I am mentored by two women who inspire me with their gifts and abilities and their love for the Lord and boy oh boy, are they women who can lead!
This year I’ve been overwhelmed to find out that there are quite a number of people around me don’t believe that God designed women to be pastors and teachers in the church. This past summer I spent my time doing a pastoral and teaching internship.
Can you feel the tension here?
I know that there are a large group of people who live with this belief but I didn’t know they were so close to me.
You see I’m convinced that it in fact is biblical for women to lead and I’ve done some study on the topic. But I don’t write this to get into some type of biblical or theological debate because I don’t actually think that will make any difference. For me there’s another side to consider, it’s the side that I don’t think some of these people see. It is the sensitive under the strong.
It’s the question of whether you really realize the implications of what you’re saying, what you believe and what you hold to? It’s the fact that most often it becomes about power, about making others feel small.

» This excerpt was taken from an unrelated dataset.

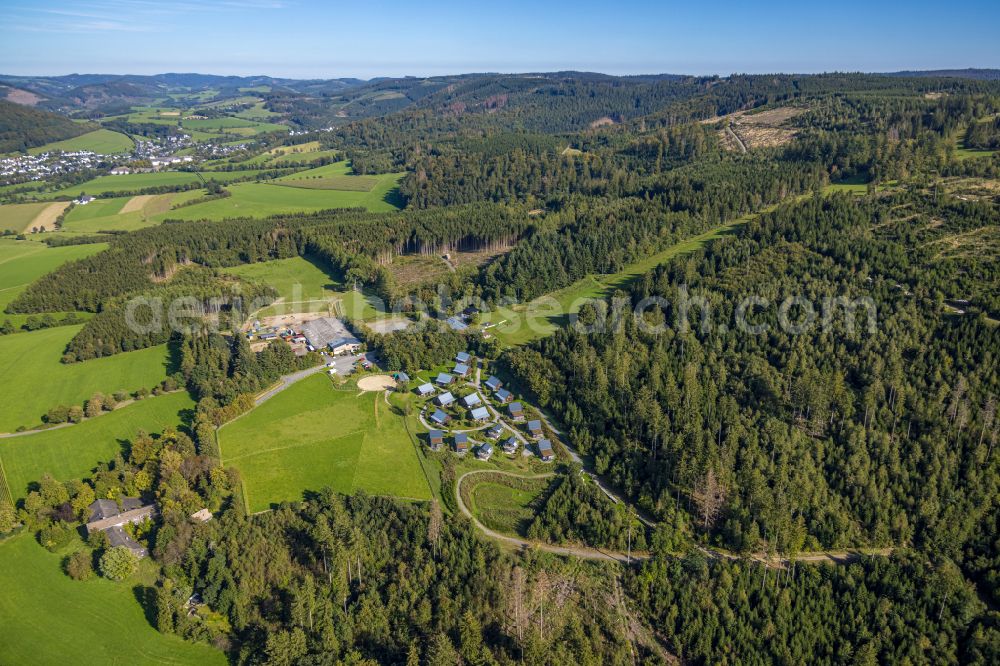 Bergdorf LiebesGrün from above - Single-family residential area of settlement in Bergdorf LiebesGruen in the state North Rhine-Westphalia, Germany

Whether I have to sit on a certain side of the church.
Or whether I’m not permitted to speak.
Or perhaps just not permitted to teach.
Or I have to be called a director and not a pastor when I the same credentials as you.
Whatever it is, do you realize you’ve put me in a box?
Because what happens when God has given me a story to tell?
What happens when I have gifts to lead?
What about when I sense every door open to be a pastor? When I hear God whisper the word “lead” to me?
Am I to listen to your word, to your interpretation and not God’s leading in my very own life?
There is this story; it’s actually a scene from a movie that my Dad loves. He’s told me the story so often that it’s ingrained into my mind. It’s from the old classic “Chariots of Fire”. Here’s a brief synopsis of the movie…
The story, told in a flashback, of two young British sprinters competing for fame in the 1924 Olympics. Eric, a devout Scottish missionary runs because he knows it must please God. Harold, the song of a newly rich Jew runs to prove his place in Cambridge society. In a warmup 100 meter race, Eric defeats Harold, who hires a pro trainer to prepare him. Eric, whose qualifying heat is scheduled for Sunday, refuses to run despite pressure from the Olympic committee. A compromise is reached when a nobleman allows Eric to compete in his 400 meter slot. Eric and Harold win their respective races and go on to achieve fame as missionary and businessman/athletic advocate, respectively.
When Eric Liddell accidentally missed a church prayer meeting because of his running, his sister Jennie scolds him and accuses him of no longer caring about God. Eric tells her that though he intends to eventually return to the China mission, he feels divinely inspired when running, and that not to run would be to dishonour God: “I believe that God made me for a purpose. But He also made me fast, and when I run, I feel His pleasure.”
I love this part of the movie purely for what I believe is its insight into the very heart of God. To not run would be to dishonor God because God created Eric to run, so choosing not to run would be living in a way that is untrue to how God made him.
So what if God made me to lead and to teach? What if somehow I come alive when I lead? Would it be dishonouring to God to choose not to live and act in a way that He created me to?
This isn’t really even about me personally. I’m not sure I want to be a pastor and when it comes down to it, I personally probably prefer the lead pastor to be a man. But I had a chance this summer to do a 3 week teaching series as a part of my pastoral internship and I loved it. I loved what I learned about God and His word through my study and message preparation and I love that I got to share that with people. And I do love to lead and there are situations that I get put in where I feel like to not lead would be a denial of the gifts that God has entrusted me with.
So there’s this tension when I cross paths with the “women shouldn’t lead because God didn’t mean for them to” mentality, simply because I cannot in any way believe that there is a solid foundation for its truth. And if you really know me and you still believe this, then what does that say about how you view me as a person?
What I’m not trying to do is go on some feminist power trip here. I actually do think there are certain roles that men and women should have that cannot actually overlap. I have some male friends who lead in a way and demand a respect that I’m still uncertain a woman ever could. But does that mean it couldn’t happen and does that mean that it shouldn’t?
Because in the end I believe that God made me for a purpose. But He also made me to lead, and when I lead, I feel His pleasure.
P.S. I’m not a feminist, just for the record.
P.S. I’m not a feminist, just for the record.